Figura 02: Localização da Usina do Jaó e do rio Meia Ponte no Plano de Attílio Correa Lima

Fonte: Celina Manso (2001)

 

 De uma maneira especial, ambos profissionais trataram claramente da importância da defesa das matas de galeria, e na proteção das encostas dos leitos e nascentes, num raio determinado por técnicos competentes, demonstrando sua preocupação com a preservação das áreas ao redor dos córregos e rio, onde as nascentes seriam transformadas em áreas de parques, de defesa do verde e recreação, em harmonia com as park-ways que percorreriam ao longo dos leitos (RIBEIRO, 2004, p. 61-72) A atitude projetual desses dois profissionais também contribui para a construção da “essência” pela consciência da preservação das orlas aquáticas para cidade e seu futuro. Através da proposta de integrar os espaços verdes e os espaços de recreação, usos e ocupações capazes de proporcionar uma imagem positiva e criar uma identidade da natureza, dos espaços verdes e também dos cursos d’água para com a cidade. 

  O rio Meia Ponte ainda foi cenário para a instalação da Usina do Jaó bem como do Clube de Regatas Jaó (hoje, Clube Jaó).
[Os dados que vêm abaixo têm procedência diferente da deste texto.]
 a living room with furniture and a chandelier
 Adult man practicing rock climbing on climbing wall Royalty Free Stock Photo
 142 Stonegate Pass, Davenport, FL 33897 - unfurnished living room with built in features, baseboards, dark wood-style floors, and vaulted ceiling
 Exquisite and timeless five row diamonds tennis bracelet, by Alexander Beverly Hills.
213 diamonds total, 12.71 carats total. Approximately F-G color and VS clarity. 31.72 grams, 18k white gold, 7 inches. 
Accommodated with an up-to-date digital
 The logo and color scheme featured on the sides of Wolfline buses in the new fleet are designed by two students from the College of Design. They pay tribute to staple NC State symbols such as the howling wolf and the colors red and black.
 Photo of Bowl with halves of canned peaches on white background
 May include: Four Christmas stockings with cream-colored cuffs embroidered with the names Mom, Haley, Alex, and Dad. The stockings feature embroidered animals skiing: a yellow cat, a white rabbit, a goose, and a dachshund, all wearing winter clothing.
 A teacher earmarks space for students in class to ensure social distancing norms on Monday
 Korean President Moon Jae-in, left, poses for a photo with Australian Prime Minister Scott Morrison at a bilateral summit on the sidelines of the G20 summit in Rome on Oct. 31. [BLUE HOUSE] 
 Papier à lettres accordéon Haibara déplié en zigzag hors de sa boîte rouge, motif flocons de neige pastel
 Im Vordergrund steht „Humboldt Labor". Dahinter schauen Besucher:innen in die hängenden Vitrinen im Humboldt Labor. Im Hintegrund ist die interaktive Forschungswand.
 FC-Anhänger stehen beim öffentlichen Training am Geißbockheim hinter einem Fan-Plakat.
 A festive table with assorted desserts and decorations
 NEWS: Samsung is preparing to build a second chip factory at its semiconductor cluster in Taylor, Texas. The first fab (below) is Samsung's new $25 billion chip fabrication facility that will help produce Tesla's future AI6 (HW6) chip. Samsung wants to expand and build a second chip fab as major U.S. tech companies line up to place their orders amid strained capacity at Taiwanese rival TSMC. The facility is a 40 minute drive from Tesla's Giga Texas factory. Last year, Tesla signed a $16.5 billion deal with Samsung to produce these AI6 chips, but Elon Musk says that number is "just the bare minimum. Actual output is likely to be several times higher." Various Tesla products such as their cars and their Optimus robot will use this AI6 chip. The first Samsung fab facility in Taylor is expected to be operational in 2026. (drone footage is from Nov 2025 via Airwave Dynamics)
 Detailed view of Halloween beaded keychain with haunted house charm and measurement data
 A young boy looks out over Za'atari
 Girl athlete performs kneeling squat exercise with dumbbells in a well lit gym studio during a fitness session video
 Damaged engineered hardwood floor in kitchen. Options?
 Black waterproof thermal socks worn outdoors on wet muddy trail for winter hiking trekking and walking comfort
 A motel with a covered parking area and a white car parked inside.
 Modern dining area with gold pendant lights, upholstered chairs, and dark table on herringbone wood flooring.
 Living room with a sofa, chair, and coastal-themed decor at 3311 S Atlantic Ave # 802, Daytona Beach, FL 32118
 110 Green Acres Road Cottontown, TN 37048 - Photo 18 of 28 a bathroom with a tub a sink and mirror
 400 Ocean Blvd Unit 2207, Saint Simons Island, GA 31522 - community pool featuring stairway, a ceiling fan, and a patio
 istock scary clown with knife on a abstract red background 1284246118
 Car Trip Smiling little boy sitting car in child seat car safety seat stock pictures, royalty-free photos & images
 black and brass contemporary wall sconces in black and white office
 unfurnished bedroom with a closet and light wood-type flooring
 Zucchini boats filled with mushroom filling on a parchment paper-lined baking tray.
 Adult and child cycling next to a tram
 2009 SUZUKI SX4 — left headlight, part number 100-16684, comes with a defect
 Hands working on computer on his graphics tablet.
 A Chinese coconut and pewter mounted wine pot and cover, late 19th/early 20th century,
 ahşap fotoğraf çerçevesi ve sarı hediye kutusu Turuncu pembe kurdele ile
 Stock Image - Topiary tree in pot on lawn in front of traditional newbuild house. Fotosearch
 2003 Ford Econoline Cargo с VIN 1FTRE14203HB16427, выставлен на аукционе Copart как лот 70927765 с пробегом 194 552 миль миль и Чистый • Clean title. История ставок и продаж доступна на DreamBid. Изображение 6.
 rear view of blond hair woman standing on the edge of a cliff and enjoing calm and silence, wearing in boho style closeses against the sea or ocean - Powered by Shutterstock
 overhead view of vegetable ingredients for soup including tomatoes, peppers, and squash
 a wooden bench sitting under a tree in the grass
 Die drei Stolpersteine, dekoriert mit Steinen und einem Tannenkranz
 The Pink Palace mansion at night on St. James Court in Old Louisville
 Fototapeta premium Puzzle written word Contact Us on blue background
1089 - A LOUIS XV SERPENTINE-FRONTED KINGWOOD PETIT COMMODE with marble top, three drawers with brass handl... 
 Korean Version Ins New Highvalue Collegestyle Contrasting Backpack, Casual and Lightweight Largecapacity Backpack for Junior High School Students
Attílio Corrêa Lima previu nas possibilidades da represa do Jaó, condições para o estabelecimento de um centro de atrações esportivas para todos os esportes aquáticos, inédito no Estado, considerando sua extensão de alagamento. (MONTEIRO, 1938, p. 144-145) Dando continuidade ao trabalho de Attílio, Armando de Godói estabeleceu como elemento estratégico, dentre outros, o Parque da Represa do Jaó, área pública de função social relevante, mas também preservando as condições indispensáveis de saneamento, saúde pública e salubridade. (RIBEIRO, 2004, p. 61-72)

Na área de alagamento da represa do rio Meia Ponte, numa extensão calculada de mais ou menos quatro quilômetros, faziam-se necessárias medidas imperiosas de limpeza e manutenção. Para isso, ficou projetada ao redor de toda represa a Avenida Parque, que além de sua beleza proporcionada por um paisagismo bem cuidado e pela visão do lago artificial da área inundada, cumpriria a função de vigilância ininterrupta das áreas marginais e da bacia alagada.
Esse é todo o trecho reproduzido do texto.